Ajax Flagellifer (Oxford)
Cambridge University Library MS. Add. 34
(Narratives by Cambridge Men)
Under the heading---
- "The preparacion at Oxford in August 1605, against the comminge
- thither of king Iames with the quene and Younge Prince, together with
- the thinges then and there done, and the maner thereof./"
---is an account of the play by Philip Stringer, visiting from Cambridge:
f 37* (28 August)
...The same daye after supper about 9. of the Clock they began to act the
Tragedye of Aiax flagellifer, wherein their stage varried 3. times, they had all
goodlie anticke apparrell, but for all that yt was not acted soe well by many
degrees as I have seene yt in Cambridge, the kinge was verye weary before
he came thither, but much more wearied by that, and spake manye wordes
REED Oxford 1.299
Performed at Christ Church, Oxford, 28 August 1605 by players from Magdalen College, for a royal visitation.
Possible Narrative and Dramatic Sources or Analogues
Sir Isaac Wake's account of the play in Wake, Rex Platonicus (1607) STC: 24939
In REED Oxford 2 (Appendix 6.2), Elliot and Nelson observe: "Not apparently a translation from Sophocles, but an independent play. This was probably a different play from the Ajax Flagellifer performed at Cambridge in 1564" (825).

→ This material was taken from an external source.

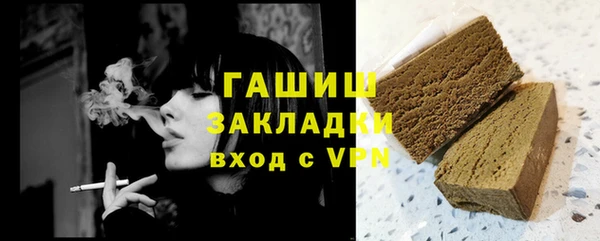 СК Балахна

Their evidence for this assertion is Sir Isaac Wake's 1607 account of the play, which the REED editors translate (from Latin) as follows:
pp 78-9 (28 August)
The name of the play, which young men chosen from the whole University performed, (was) Ajax Flagellifer: although the title was borrowed from Sophocles, still (the play) was as different in matter as in expression. The choice of its argument was made not only because it provided, with a splendid and stately variety of representations, abundant delight for such great spectators, but because the matter also seemed to be very appropriate for both courtly and academic ears and minds. For that celebrated dispute over the arms of dead Achilles is represented. Ajax claimed those arms as a reward for military prowess, but Ulysses obtained (them) as the deserts of (his) wisdom and learned eloquence. The conquered soldier fills the stage and all (its) round with (his) furious bellow; he calls upon the Furies; he curses gods and men; he breathes nothing but threats and vengeance. But wrath indeed (is) vain without strength, and strength (is vain) without prudence; and a ferocity, which the cultivation of letters and learning does not temper, results in (its) possessor's destruction. After the madman's various wicked deeds, after he had slaughtered a flock of sheep instead of the Greek leaders and had scourged a large ram savagely in the place of Ulysses, he, when finally restored to (his own) mind, kills himself, more insane (now) than when (he was) insane. Tecmessa most piteously mourns the death of her lord, but the shade of Hector, which completely undetectable to Ajax provided the function of the chorus, rejoices. It is not easy to say with how marvellous a variety all these things fed both the eyes and the ears, all the more so because, on account of the variety of the matter, the whole fabric of the stage and the artful apparatus of the embroidered hangings were renewed again and again to the amazement of all. Where just now you had gazed on the living image of Troy and the Trojan shore, soon afterward you would see woods and deserts, horrific caves and the dwellings of the Furies, and while these were immediately vanishing, (you would see) unexpectedly the very agreeable appearance of tents and of ships.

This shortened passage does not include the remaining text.